THE WORK OF MOTOWN PHOTOGRAPHERS (AT THE RIGHT PRICE)

By way of a photographer’s darkroom came the music and magic which entranced the world.

      That’s what the Hitsville studio was before Berry Gordy’s magicians moved in. “There was a huge cinder block room that had been added on as a darkroom,” recalled his second wife, Raynoma, in her autobiography, about finding and viewing the property at 2648 West Grand. “I couldn’t have dreamed up a more perfect place for a recording studio.”

      How better, then, to begin this snapshot of those who captured Motown’s people and places on film? Well, some of the photographers, at least. The total number must run into the hundreds, but the most familiar names – those who took the pictures we all recognise immediately, instinctively – are relatively few. They include James Kriegsmann, J. Edward Bailey, Frank Dandridge, Jim Hendin, Jim Britt. And you may know of more, such as William “Popsie” Randolph and Pierre Bass, Leo Knight and Larry Schiller.

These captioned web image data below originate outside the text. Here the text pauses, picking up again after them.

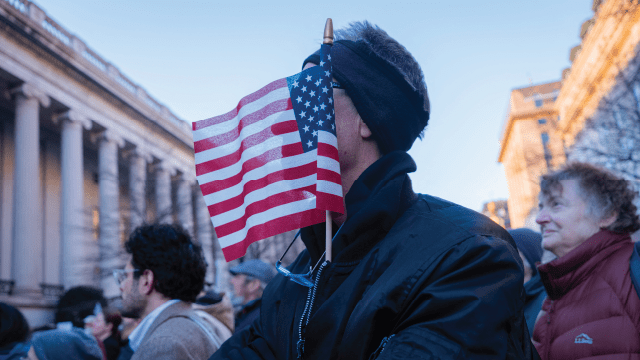 A demonstrator stands with an American flag planted in his coat during a protest in front of the U.S. Treasury Department in Washington, D.C., on Feb. 4, 2025. (Hossein Fatemi/Middle East Images/AFP via Getty Images)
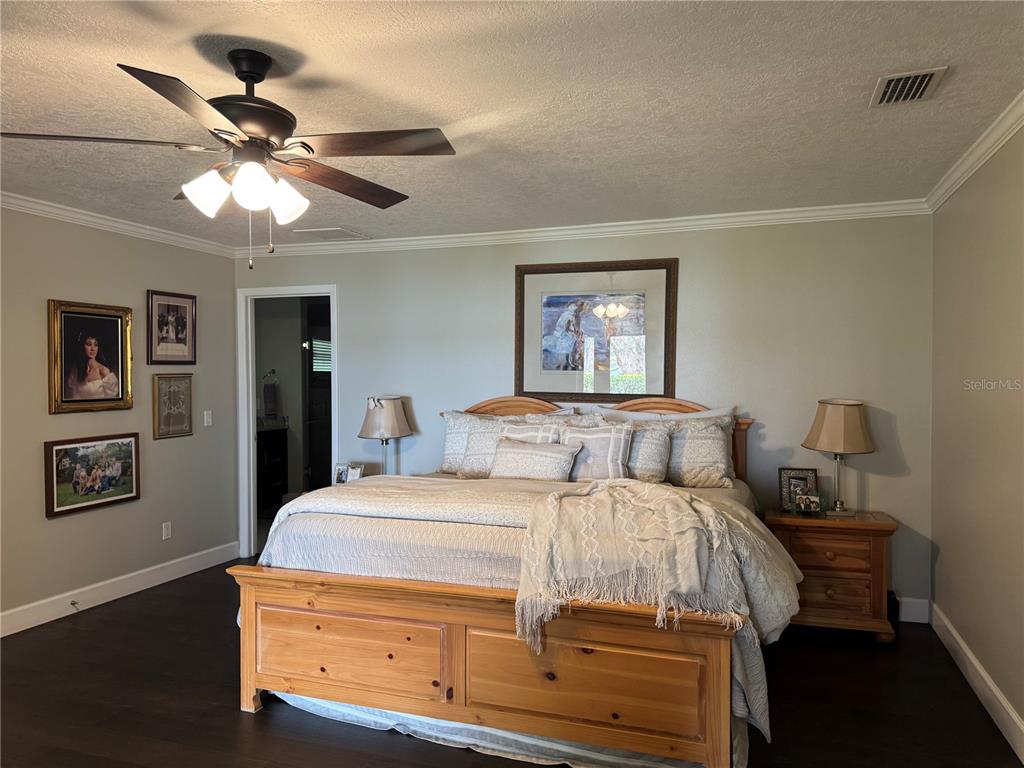 334 West F Street Frostproof, FL 33843 - Photo 25 of 48 a bedroom with a bed and a chandelier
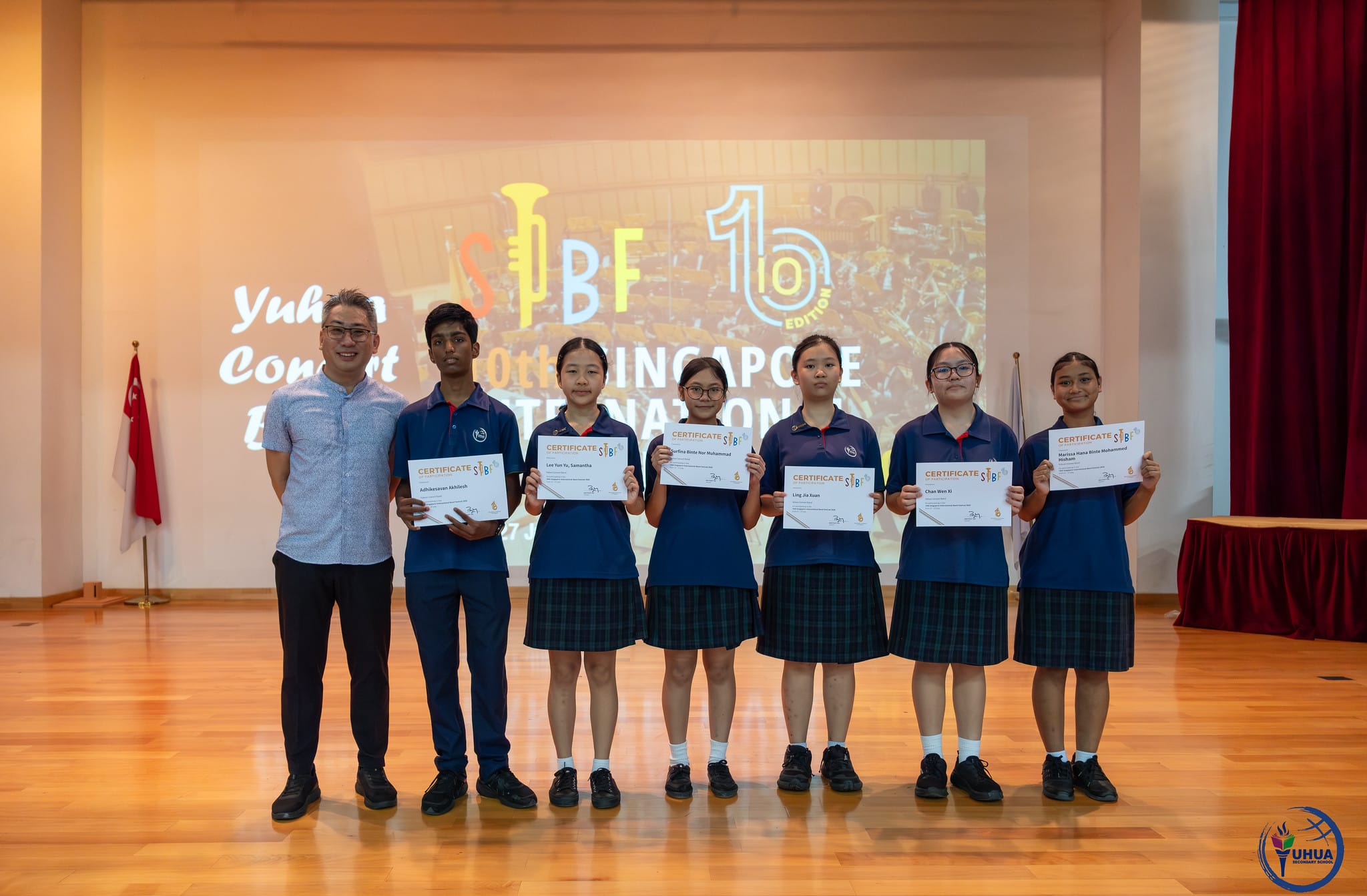 Posing with certificate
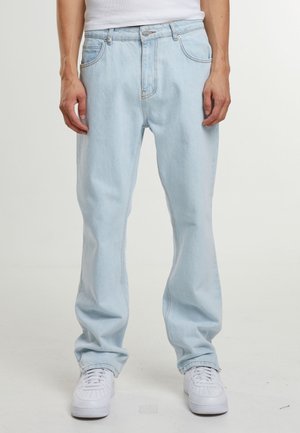 Světle modré džíny s rovným střihem nošené osobou, která stojí, v kombinaci s bílými teniskami a zastrčenou bílou košilí.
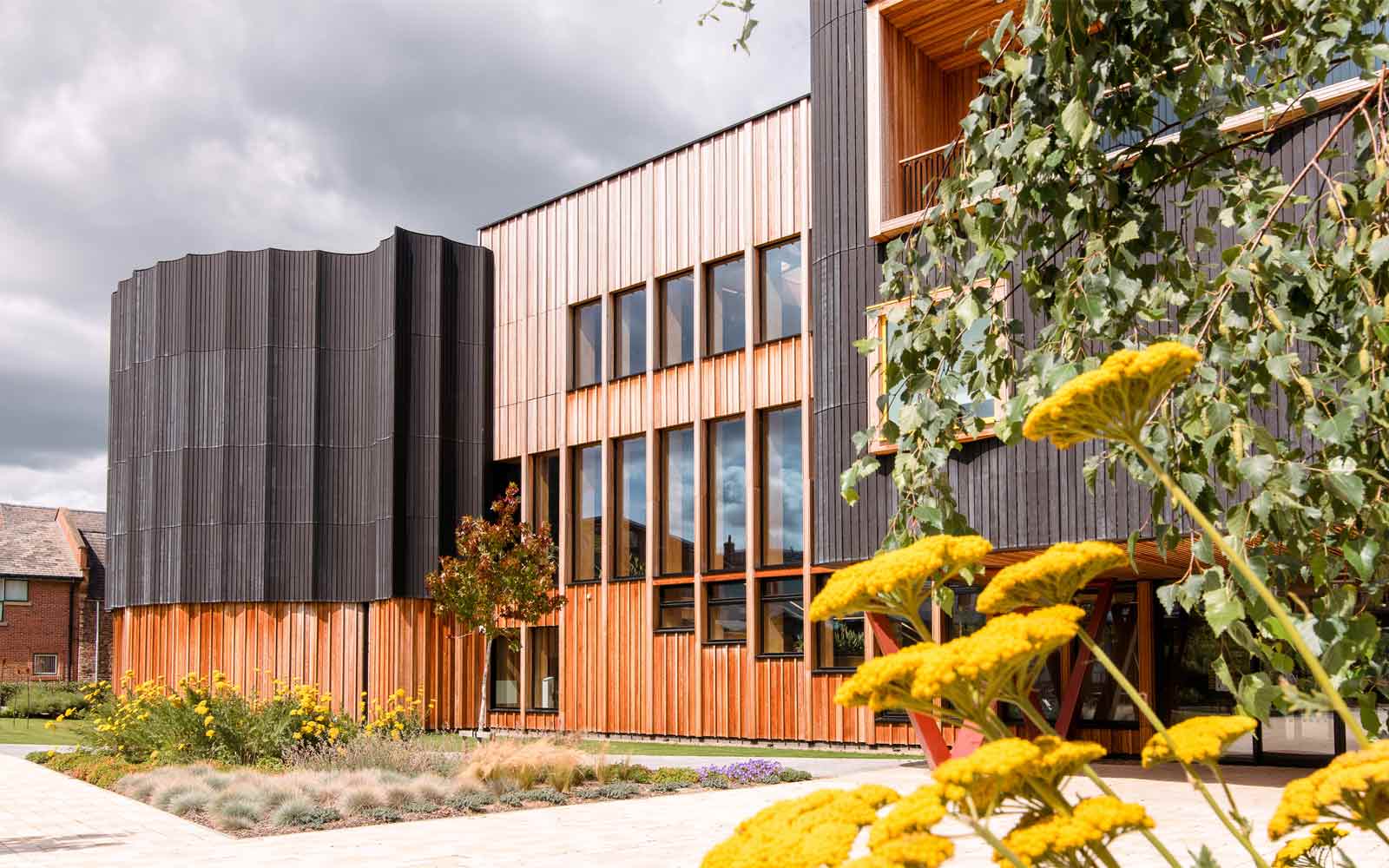 Creative Centre exterior with flowers in foreground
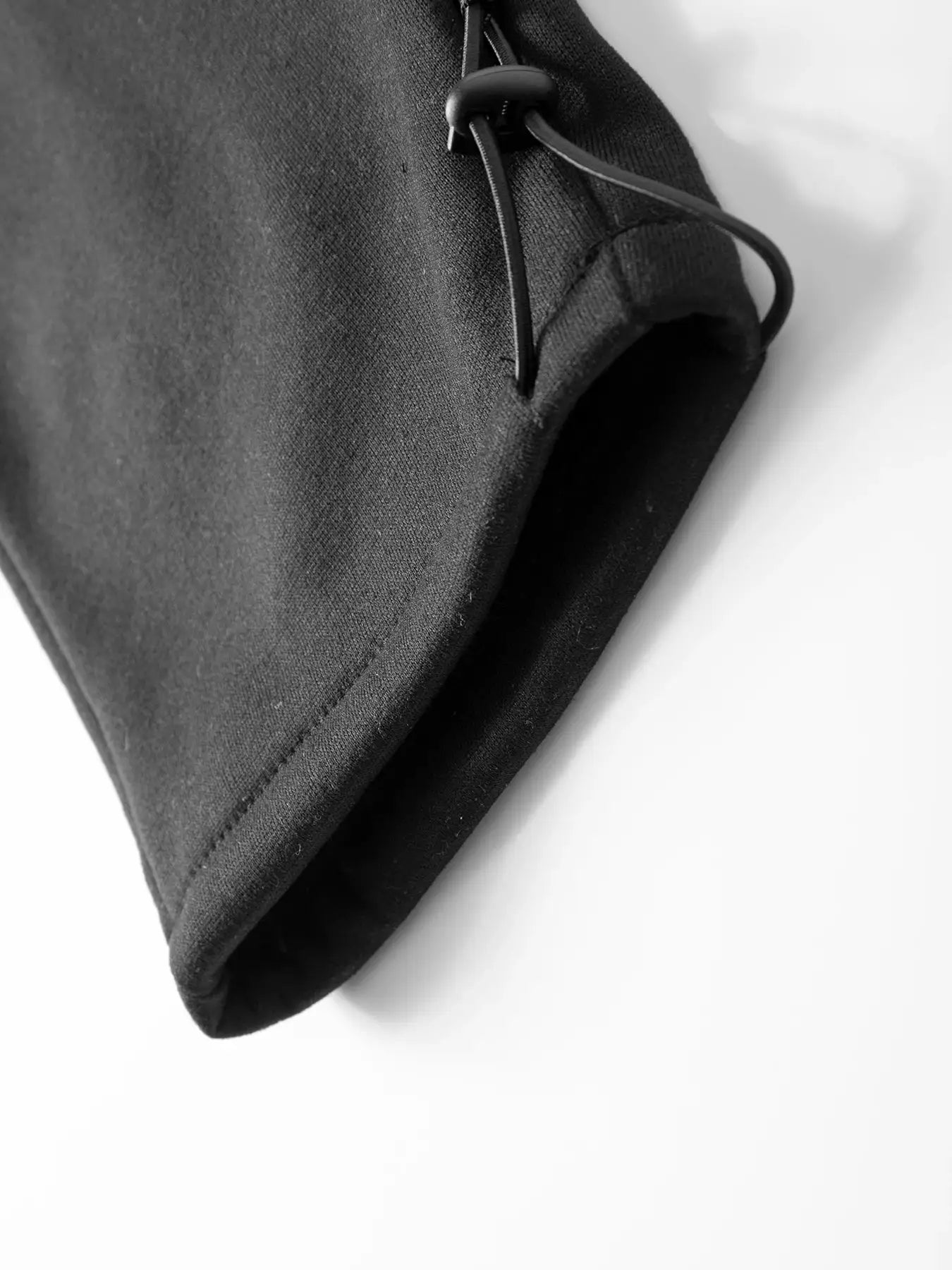 Men's black sweatpants with drawstring waist; straight loose-fit joggers.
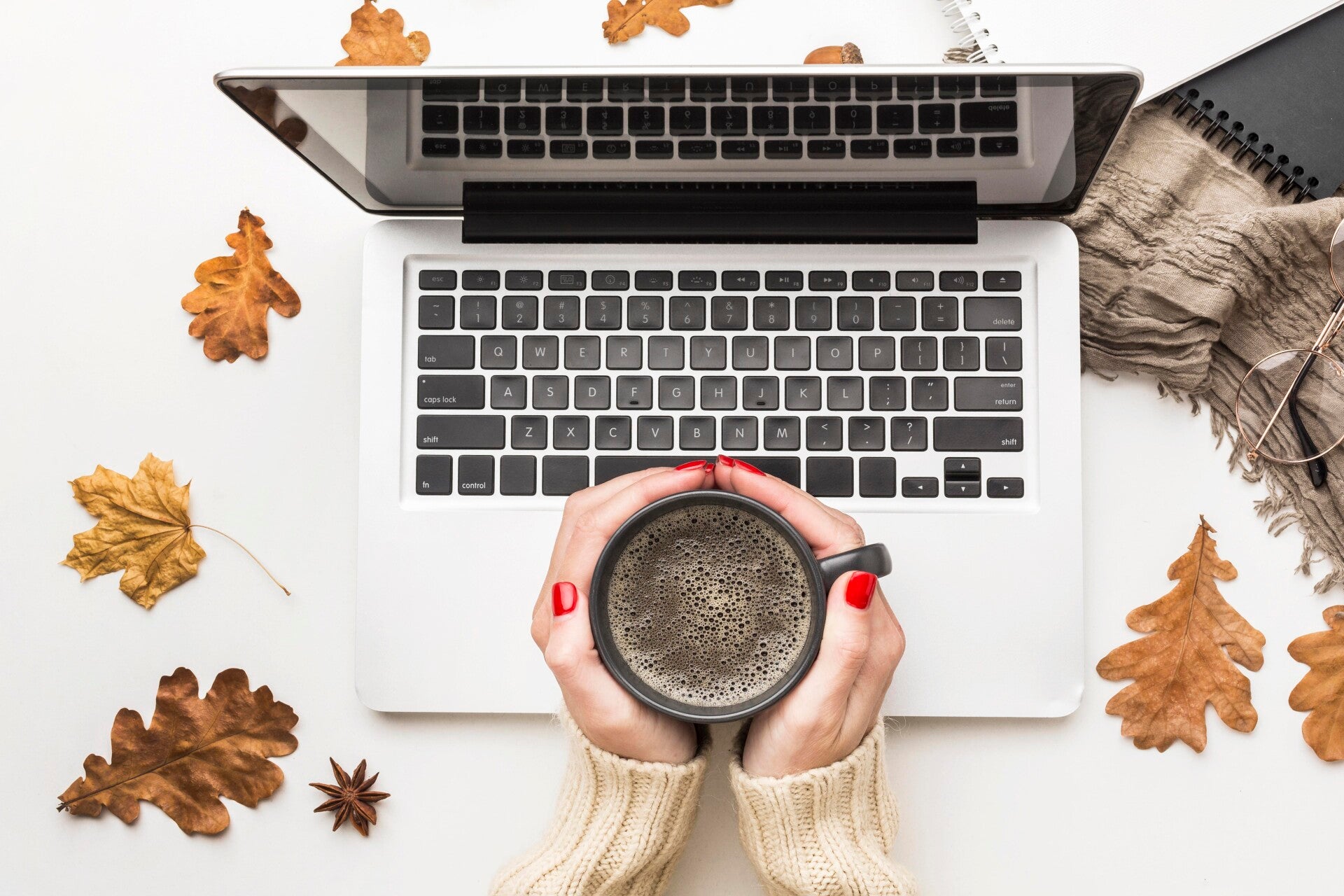 Hände mit rotem Nagellack halten eine Tasse Kaffee über einer geöffneten Laptop-Tastatur, umgeben von Herbstblättern und einem Notizbuch mit Stift, im Kontext mit Jenseitskontakte Jana Lorenz.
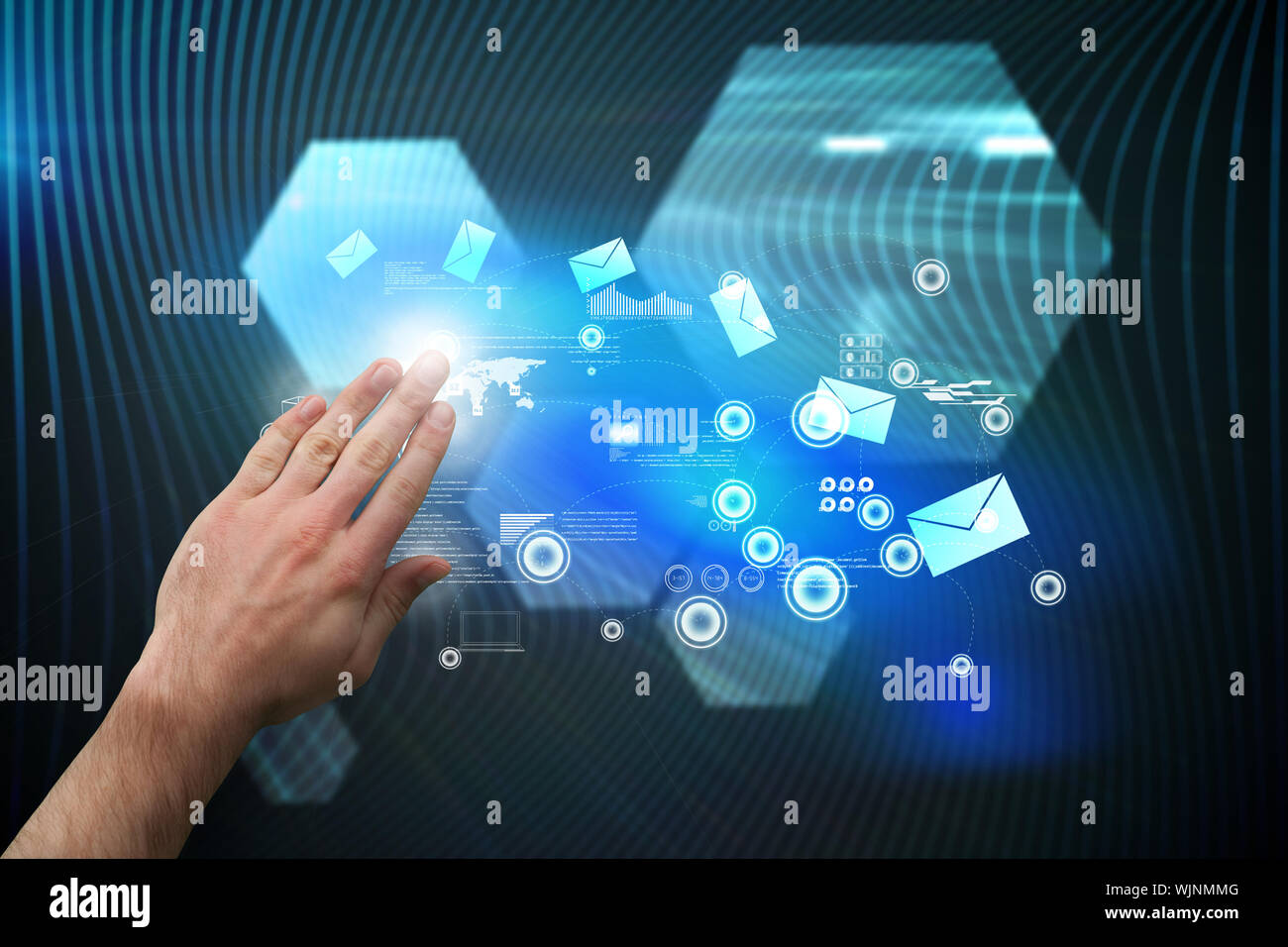 Hand presenting against shiny hexagons on black background Stock Photo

The Supremes, photographed by Bruce Davidson

The Supremes, photographed by Bruce Davidson

      Still others are unfamiliar or unknown. The innocent image on the front of Motown Records’ first LP release, Hi! We’re The Miracles, is credited only to Pictorial Studios Inc., a Detroit outfit. To this day, Smokey and Claudette probably remember the burgundy-trimmed shirts and cummerbunds they wore for the shoot, but perhaps not the name of the photographer. In his Hype & Soul! memoir, Motown publicist Al Abrams noted that Detroit radio DJ Chuck Daugherty “shot many of our early artist publicity photos.” Later in the 1960s, one of the company’s ace promotion men frequently wielded a camera: “Weldon McDougal,” said Barney Ales, “was one hell of a photographer.”

      Gordy was a camera enthusiast, too. In 1965, he took with his Leicaflex “a thousand pictures” of Diana Ross during their April in Paris. On the same trip, he’s caught on film himself, snapping the Supremes by a bus at Le Bourget airport. Two years before, while visiting Germany, Gordy had run the risk of trouble by taking video footage – forbidden by the authorities – in communist East Berlin. “I was kind of crazy in those times,” he told me, “but I really wanted documentary stuff.”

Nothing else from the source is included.